At first glance this post about The Denver Museum of Nature and Science didn’t seem to have much to do with writing, reading, or friendship, but as I wrote it, I naturally found a way to tie in three of the topics of this blog.
In 2012, I attended the first Colorado State University Alumni Beer Tasting at which we not only sampled innovative small plates concocted with various beers, but also sipped selections from a number of breweries. The participants were treated to a talk on the history and science of brewing by Dr. Nicole Garneau, the chair and curator for human health in the DMNS Department of Health Science. She mentioned an experiment that was being conducted with volunteer visitors to the museum. As I am someone who loves many bitter foods but doesn’t like bitter beers (sours are another matter), I was greatly interested in this research into the genetics of “supertasters.” This was nicknamed the blue tongue project.

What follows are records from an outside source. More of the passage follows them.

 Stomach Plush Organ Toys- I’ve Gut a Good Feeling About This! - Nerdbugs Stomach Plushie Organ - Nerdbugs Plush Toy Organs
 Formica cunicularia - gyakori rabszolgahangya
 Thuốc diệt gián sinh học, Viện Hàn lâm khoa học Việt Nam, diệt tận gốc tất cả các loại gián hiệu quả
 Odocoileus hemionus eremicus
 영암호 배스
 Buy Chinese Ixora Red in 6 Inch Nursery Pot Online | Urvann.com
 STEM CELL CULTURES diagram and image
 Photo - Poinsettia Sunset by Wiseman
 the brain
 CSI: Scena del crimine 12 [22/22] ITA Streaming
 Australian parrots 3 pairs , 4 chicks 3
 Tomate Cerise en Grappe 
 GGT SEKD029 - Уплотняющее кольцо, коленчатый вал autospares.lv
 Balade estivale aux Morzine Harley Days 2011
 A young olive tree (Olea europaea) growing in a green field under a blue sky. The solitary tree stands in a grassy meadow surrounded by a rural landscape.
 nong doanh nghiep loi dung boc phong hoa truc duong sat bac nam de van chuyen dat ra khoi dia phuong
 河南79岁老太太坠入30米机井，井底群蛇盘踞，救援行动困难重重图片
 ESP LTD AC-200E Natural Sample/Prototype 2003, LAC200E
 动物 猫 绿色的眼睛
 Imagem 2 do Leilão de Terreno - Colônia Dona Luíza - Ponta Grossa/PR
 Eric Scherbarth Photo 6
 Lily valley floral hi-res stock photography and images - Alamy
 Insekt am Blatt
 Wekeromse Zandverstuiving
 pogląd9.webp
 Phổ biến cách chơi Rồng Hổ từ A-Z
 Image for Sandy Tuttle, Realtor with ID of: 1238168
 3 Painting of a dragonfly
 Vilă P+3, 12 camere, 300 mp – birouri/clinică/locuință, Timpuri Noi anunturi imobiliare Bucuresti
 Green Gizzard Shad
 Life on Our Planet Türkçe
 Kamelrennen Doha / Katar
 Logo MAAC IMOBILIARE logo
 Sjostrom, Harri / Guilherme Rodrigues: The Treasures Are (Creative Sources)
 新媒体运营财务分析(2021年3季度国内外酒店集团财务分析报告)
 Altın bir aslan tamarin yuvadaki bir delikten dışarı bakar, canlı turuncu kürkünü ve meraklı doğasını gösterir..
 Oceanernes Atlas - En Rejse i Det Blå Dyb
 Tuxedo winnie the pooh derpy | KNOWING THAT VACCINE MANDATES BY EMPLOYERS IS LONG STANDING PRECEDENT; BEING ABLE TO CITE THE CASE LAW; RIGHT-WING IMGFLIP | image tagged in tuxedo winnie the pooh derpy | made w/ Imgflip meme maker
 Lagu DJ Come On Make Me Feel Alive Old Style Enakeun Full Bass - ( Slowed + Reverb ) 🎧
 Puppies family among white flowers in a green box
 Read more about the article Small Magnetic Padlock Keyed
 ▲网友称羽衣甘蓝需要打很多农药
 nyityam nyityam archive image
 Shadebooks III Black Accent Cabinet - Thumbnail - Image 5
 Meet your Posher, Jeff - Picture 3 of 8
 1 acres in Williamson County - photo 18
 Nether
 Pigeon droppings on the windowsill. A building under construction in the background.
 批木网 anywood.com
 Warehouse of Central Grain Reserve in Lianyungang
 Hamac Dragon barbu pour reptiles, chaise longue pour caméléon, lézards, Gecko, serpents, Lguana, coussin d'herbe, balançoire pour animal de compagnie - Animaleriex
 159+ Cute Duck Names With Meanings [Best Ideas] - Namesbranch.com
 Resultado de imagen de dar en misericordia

Three thousand visitors participated in the study, and the results have been published in Frontiers of Integrative Neuroscience. Participating was fun, interesting, and exciting. What more do you need to be inspired? You could come with ideas for stories set in a lab, or with a character as a study participant.
Having my curiosity piqued energizes me and gives me the inspiration to work on my own writing even if it isn’t a science fiction tale of experiments gone wrong. Currently, the Genetics of Taste Lab is conducting a study on the ability to taste fatty acids. Pretty much all you have to do to take part is show up.
One of my favorite exhibits at the DMNS is hidden away on the third floor. I’m always afraid it is either gone, or I’m lost, when I walk through rooms of stuffed animals to find it. The delight Konovalenko: Gem Carvings of Russian Folk Life sets off in me is well worth the search.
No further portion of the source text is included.